<<<<

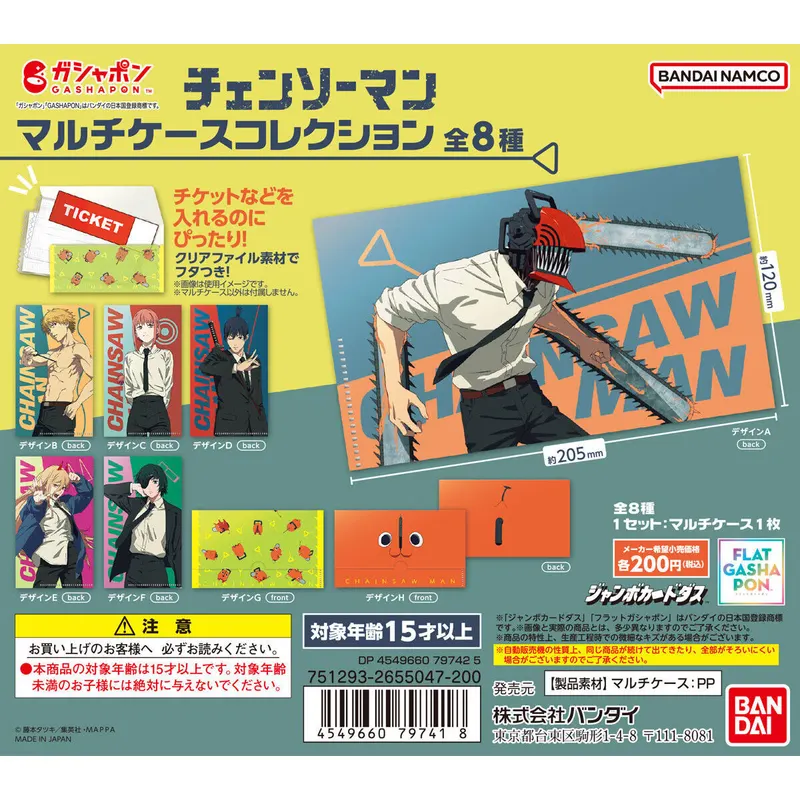 チェンソーマン マルチケースコレクションの台紙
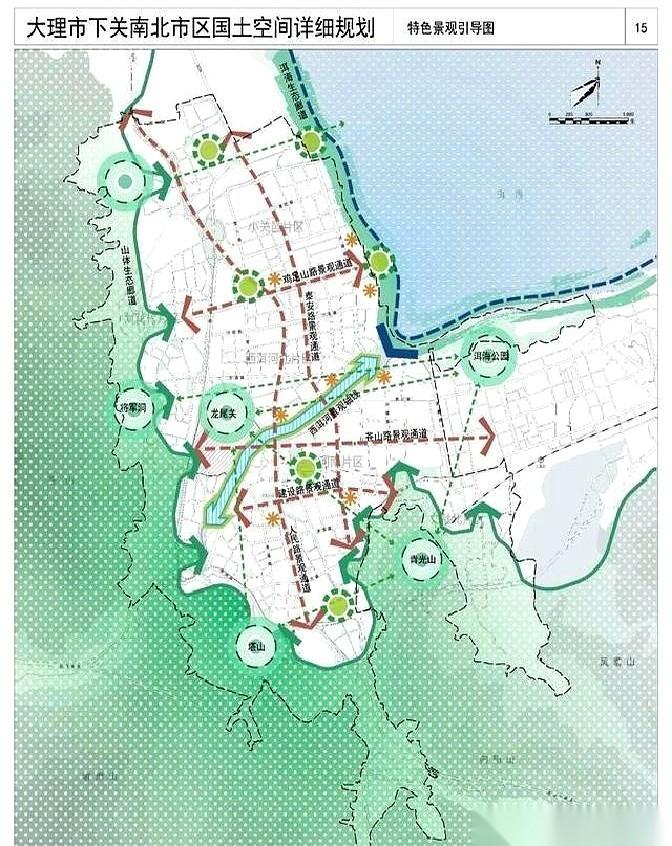 半年来了7000多万人！我就问你怕不怕？
这不是春运，这是大理上半年的真实数据。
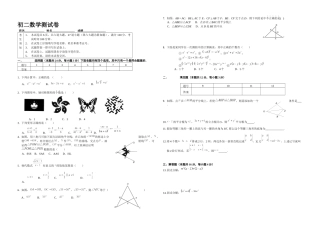 初二数学秋暑假讲义-第10讲.综合测试-教师版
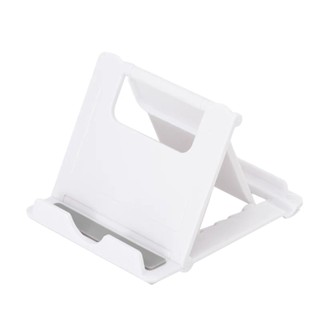 Adjustable Tablet Stand Folding Lazy Video Bracket Mobile Phone Desktop Foldable For Pads Phones Random Color [Q/11]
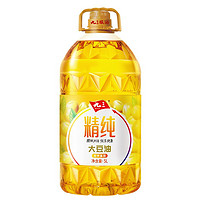 百亿补贴：九三 非转基因 食用油 精纯大豆一级油5L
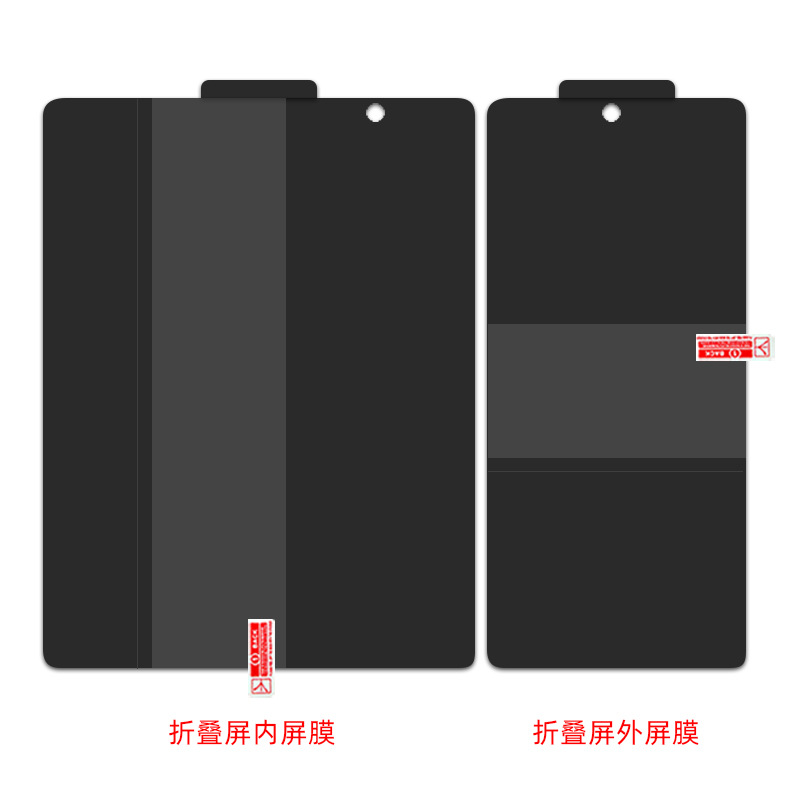 Suitable for Samsung W25/Zfold7 seamless foldable screen anti-peeping film and fold6 high-definition anti-peeping water condensation film mobile phone film Item Picture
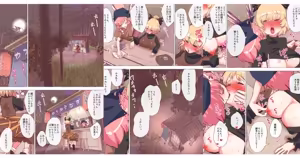 Page 82 of nonmikan Fanbox Low quality archive 02-2026 to 2019 14/19 - preview thumbnail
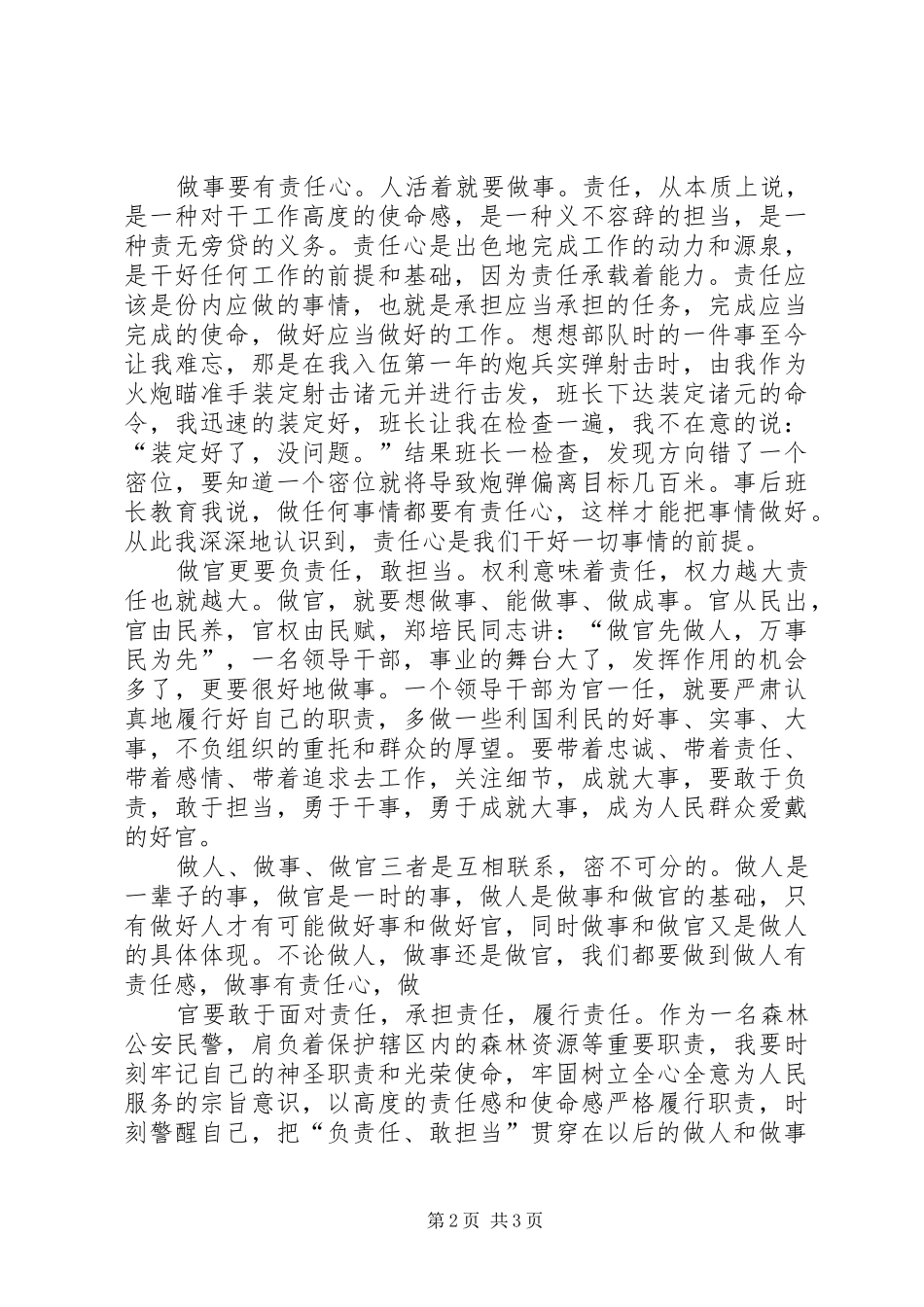 20XX年做人做事做官心得体会 (3)_第2页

>>>>

### What you should do
I would like the data above transcribed exactly, with its pictures left out.

### Response to the exercise
 チェンソーマン マルチケースコレクションの台紙
 半年来了7000多万人！我就问你怕不怕？
这不是春运，这是大理上半年的真实数据。
 初二数学秋暑假讲义-第10讲.综合测试-教师版
 Adjustable Tablet Stand Folding Lazy Video Bracket Mobile Phone Desktop Foldable For Pads Phones Random Color [Q/11]
 百亿补贴：九三 非转基因 食用油 精纯大豆一级油5L
 Suitable for Samsung W25/Zfold7 seamless foldable screen anti-peeping film and fold6 high-definition anti-peeping water condensation film mobile phone film Item Picture
 Page 82 of nonmikan Fanbox Low quality archive 02-2026 to 2019 14/19 - preview thumbnail
 20XX年做人做事做官心得体会 (3)_第2页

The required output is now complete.